Share

BAB 5 Jadi Obat Nyamuk

“Oh, jadi kalau kita mau minta sesuatu sama Allah itu harus jelas banget?” Farzana mengulangi kalimat yang diterangkan oleh Boim barusan.

Laki-laki yang sengaja memperlambat langkah demi kenyamanan Farzana itu mengangguk pelan. “Misal kamu mau minta sesuatu … jelasin ke Allah kondisi lengkapnya seperti apa, jam berapa, tanggal, bulan, dan tahun berapa. Itu semua harus kamu sebutin kalau kamu mau do’a kamu gak meleset ke mana-mana.”

“Tapi kan, Allah Maha Mengetahui.”

“Zana … Allah memang Maha Mengetahui, tapi gak gitu konsepnya.”

“Memangnya gimana?”

“Coba deh, kamu minta buah Apel sama Umi … orang yang mengandung, melahirkan, dan ngebesarin kamu.

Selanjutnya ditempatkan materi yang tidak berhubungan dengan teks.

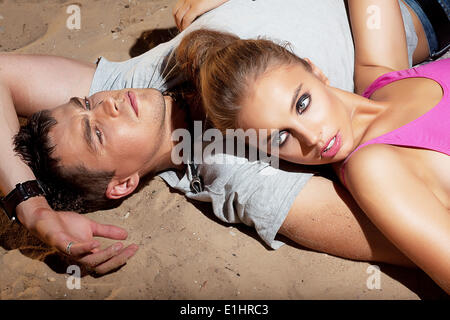 Porträt von schönen jungen Ehepaar ruht auf Sand liegend - Zufriedenheit Stockfoto
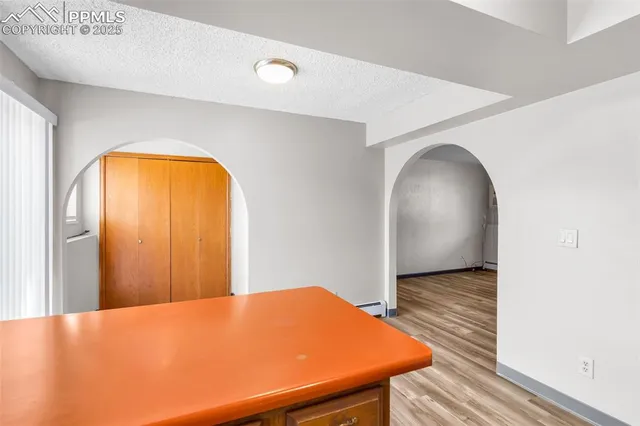 a view of a room with wooden floor and pool table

Kamu udah mikir, ‘Ah, ini pasti Umi tahu aku mau buah apa, jadi minta buah ajalah, gak usah disebutin apelnya biar gak ribet’, tapi pada kenyataanya gak gitu, kan? Kamu gak tahu kalau Umi punya ribuan buah, dan setelah memperhitungkan baik dan buruknya, Umi ngasih kamu buah Mangga. Kamu jadi gak terima, padahal itu bukan salah Umi kamu.”

Farzana tersenyum kecil. Cara Boim memberitahunya pada banyak hal terasa begitu lembut dan mudah untuk dimengerti.

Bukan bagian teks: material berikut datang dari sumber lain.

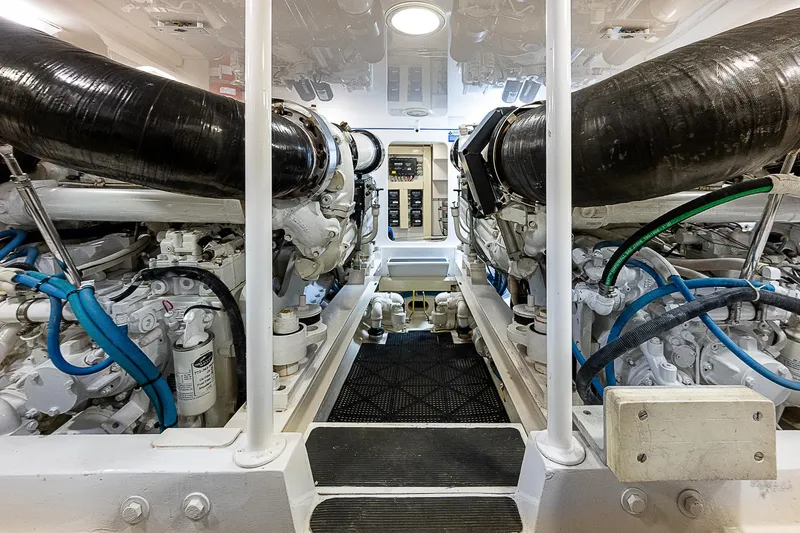 Slide: The Image of Engine room of a 2003 Viking Convertible yacht, showcasing dual engines and piping. - 43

“Gimana? Kamu udah paham, Zana?”

Gadis berkulit putih itu mengangguk cepat. “Syukron, Boim. Alhamdulillah aku udah paham.”

“Jadi, kamu masih gak mau bilang ke saya hal yang ganggu kamu akhir-akhir ini?”

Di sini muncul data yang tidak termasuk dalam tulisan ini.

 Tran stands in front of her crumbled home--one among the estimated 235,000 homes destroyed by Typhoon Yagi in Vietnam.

Farzana hanya terkekeh. Mana mungkin dia mengatakan kalau dirinya terganggu karena sudah menganggap Boim sebagai laki-laki, bukan sahabat lagi. Ingin ditaruh di mana muka Farzana? Tidak, bahkan gadis ini memang tidak memiliki keberanian sebesar itu. Kemungkinan untuk Boim tolak seluas lautan.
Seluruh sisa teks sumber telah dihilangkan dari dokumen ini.